:: Records supplied ::
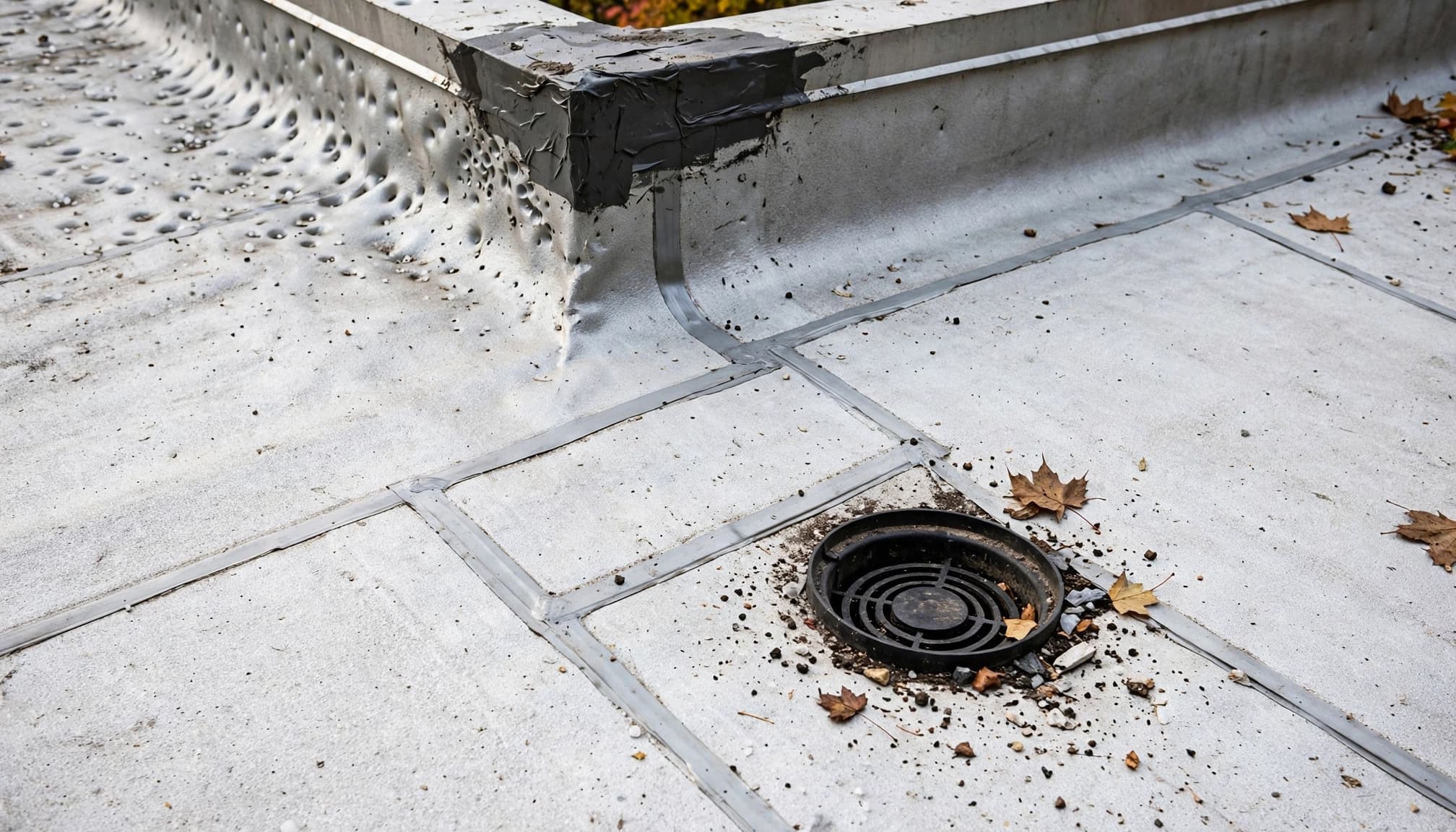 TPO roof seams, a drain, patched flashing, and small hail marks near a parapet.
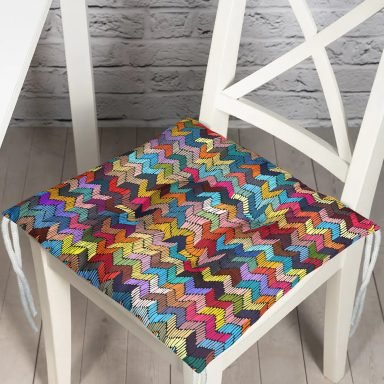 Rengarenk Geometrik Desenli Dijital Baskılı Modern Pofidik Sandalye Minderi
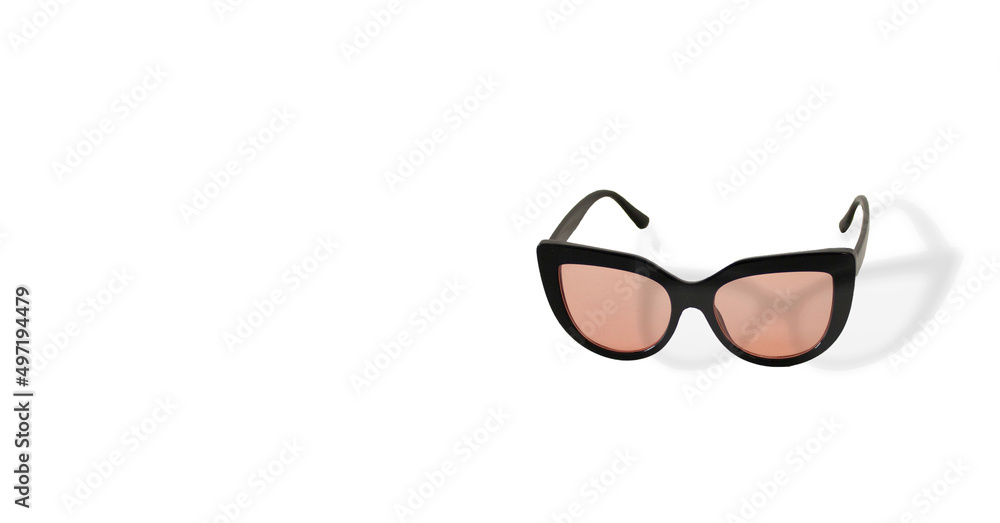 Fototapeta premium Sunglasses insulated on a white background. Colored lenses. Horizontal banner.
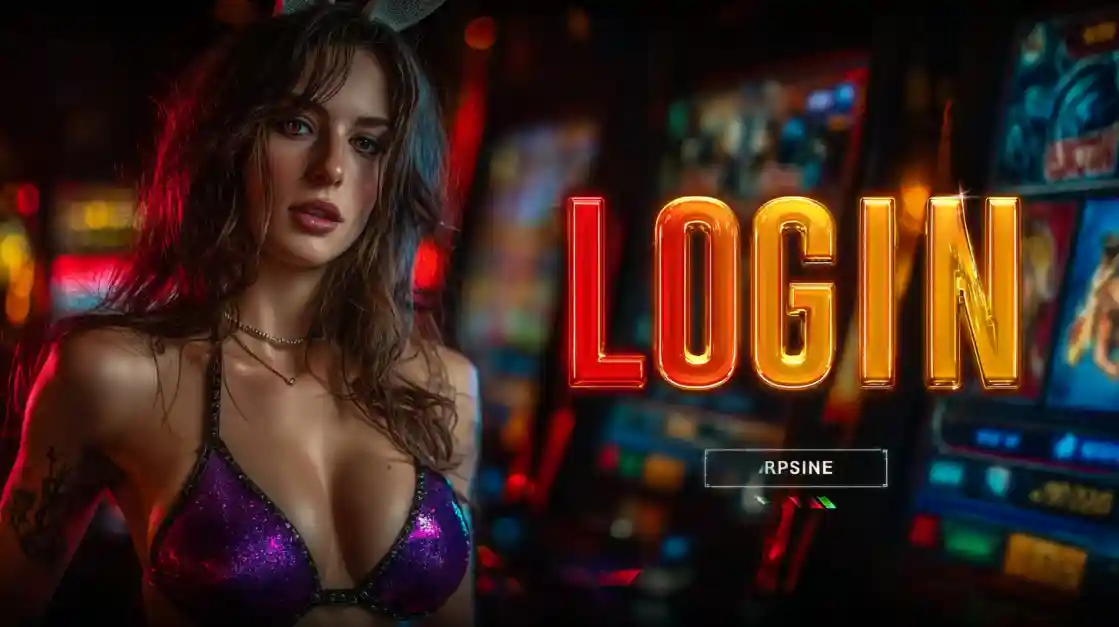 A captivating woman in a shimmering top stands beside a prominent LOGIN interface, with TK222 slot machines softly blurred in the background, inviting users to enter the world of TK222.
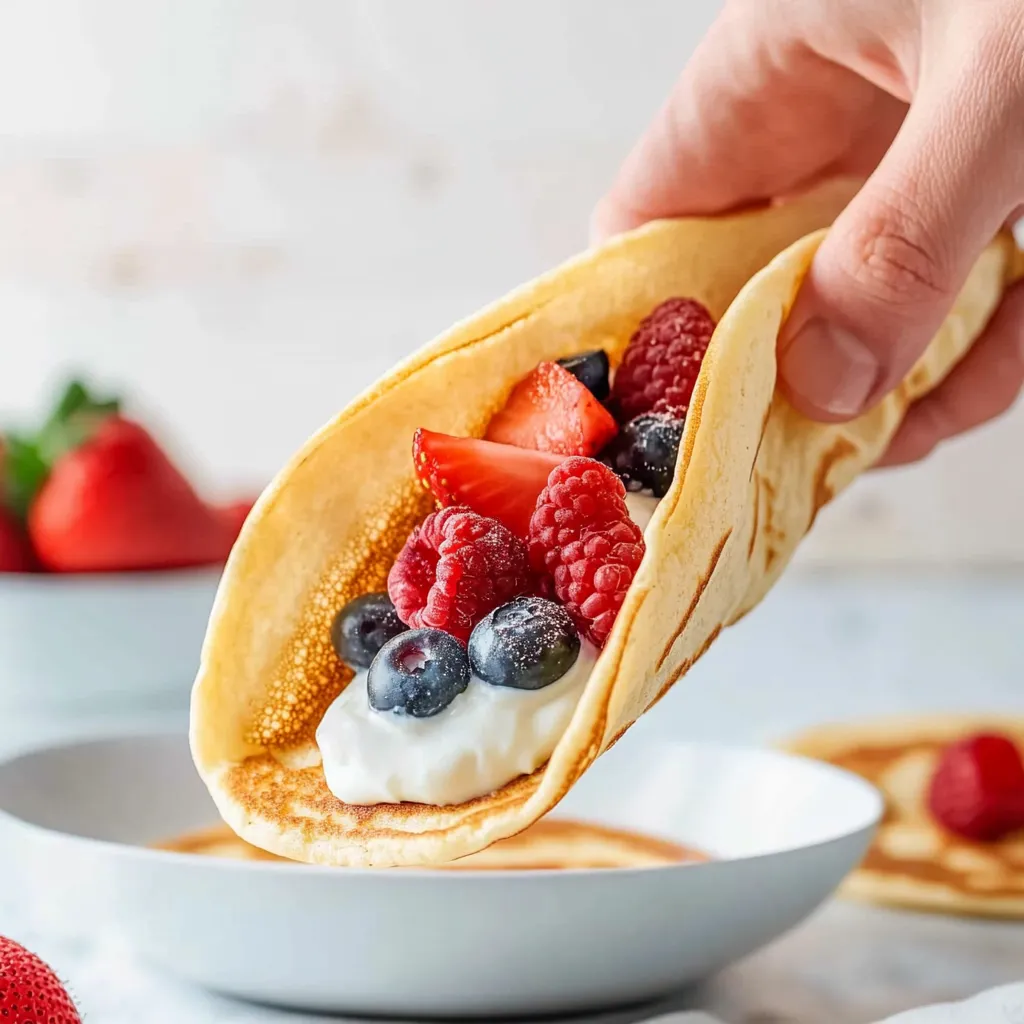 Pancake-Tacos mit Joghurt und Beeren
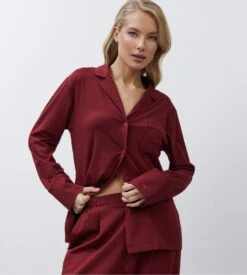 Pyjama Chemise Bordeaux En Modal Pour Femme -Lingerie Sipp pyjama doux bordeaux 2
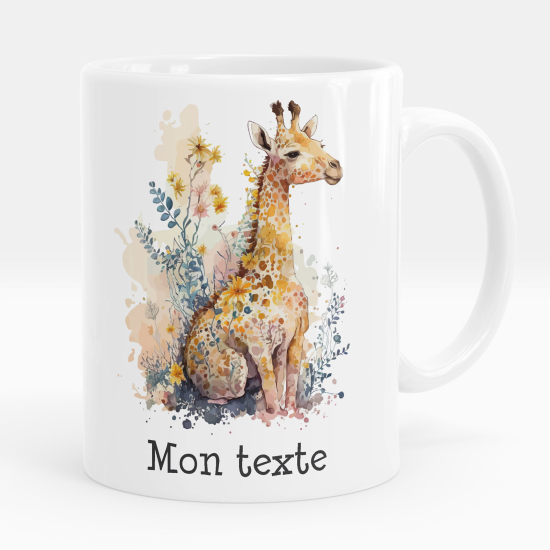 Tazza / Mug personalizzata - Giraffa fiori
:::
:: Records supplied ::
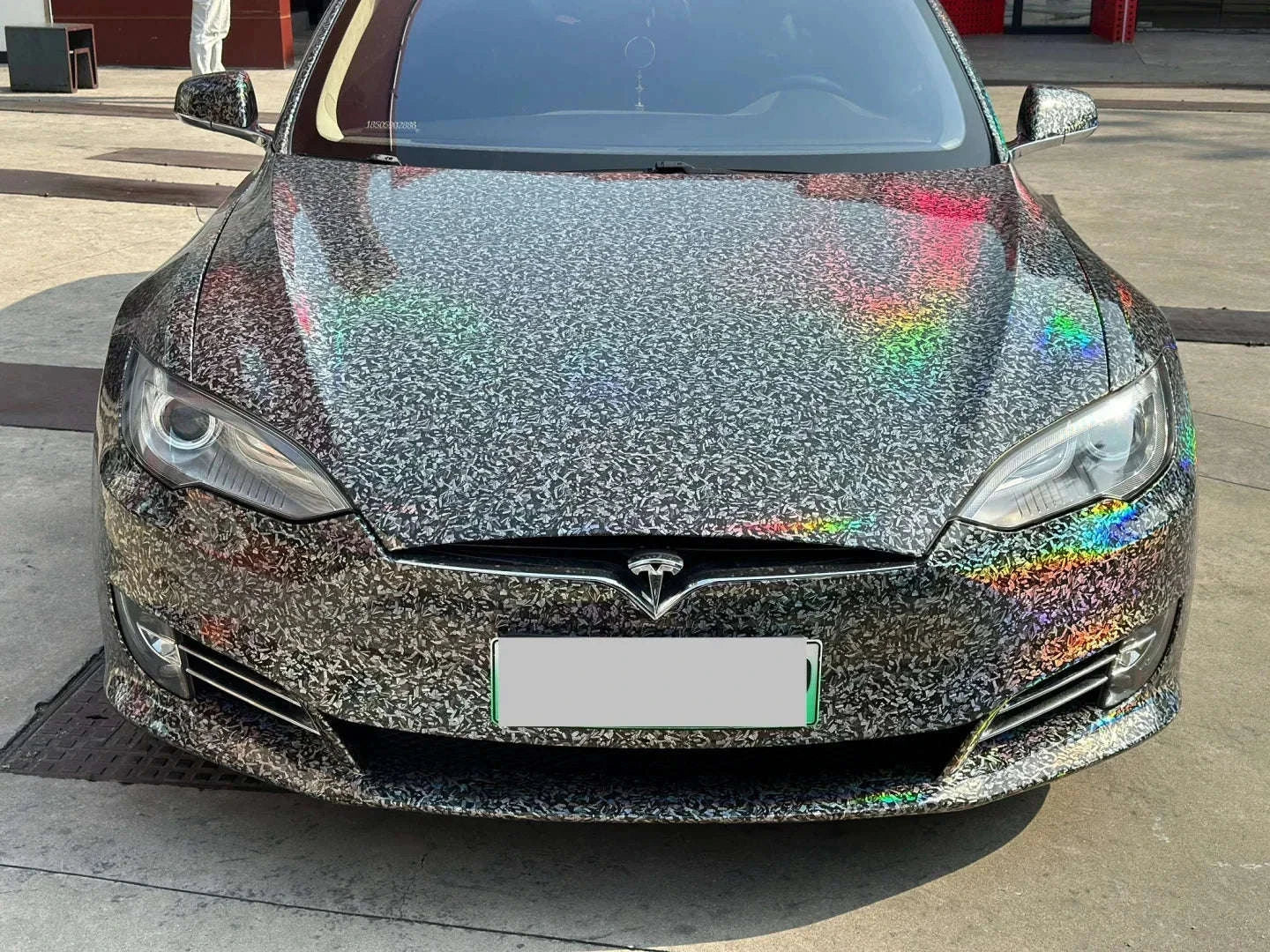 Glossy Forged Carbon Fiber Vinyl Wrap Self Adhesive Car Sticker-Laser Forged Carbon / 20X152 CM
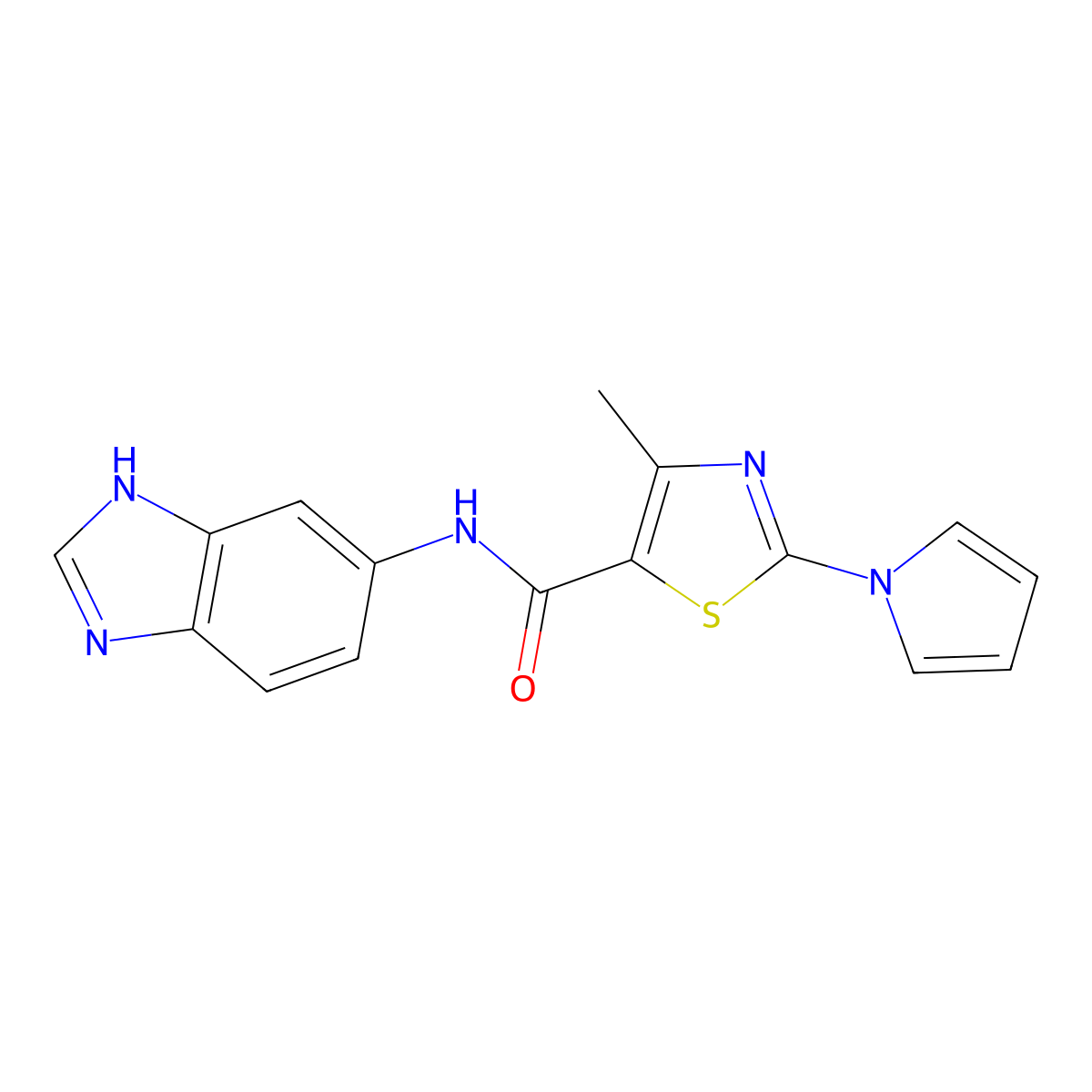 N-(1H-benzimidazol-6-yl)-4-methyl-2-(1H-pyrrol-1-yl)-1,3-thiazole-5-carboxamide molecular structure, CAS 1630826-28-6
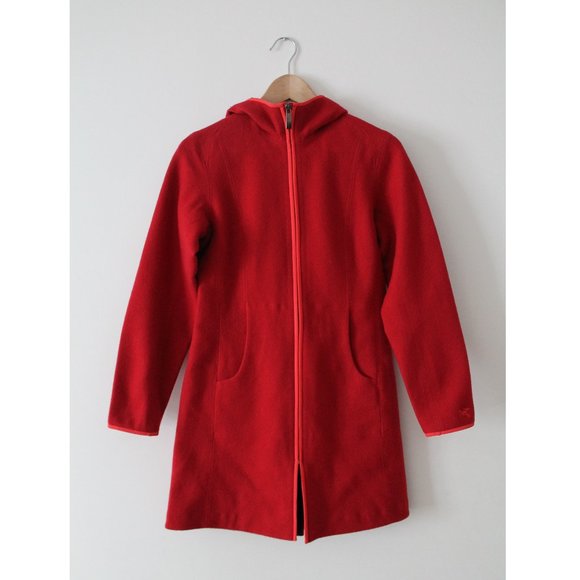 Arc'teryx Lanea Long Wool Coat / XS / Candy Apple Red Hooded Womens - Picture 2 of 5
:::
● Aim of the exercise: Lines wanted from the entries above: the one with "A captivating woman", the one with "Tazza / Mug personalizzata - Giraffa fiori", and all lines between. Please copy them exactly, without the pictures and without anything else.

● Answer to the exercise:
 A captivating woman in a shimmering top stands beside a prominent LOGIN interface, with TK222 slot machines softly blurred in the background, inviting users to enter the world of TK222.
 Pancake-Tacos mit Joghurt und Beeren
 Pyjama Chemise Bordeaux En Modal Pour Femme -Lingerie Sipp pyjama doux bordeaux 2
 Tazza / Mug personalizzata - Giraffa fiori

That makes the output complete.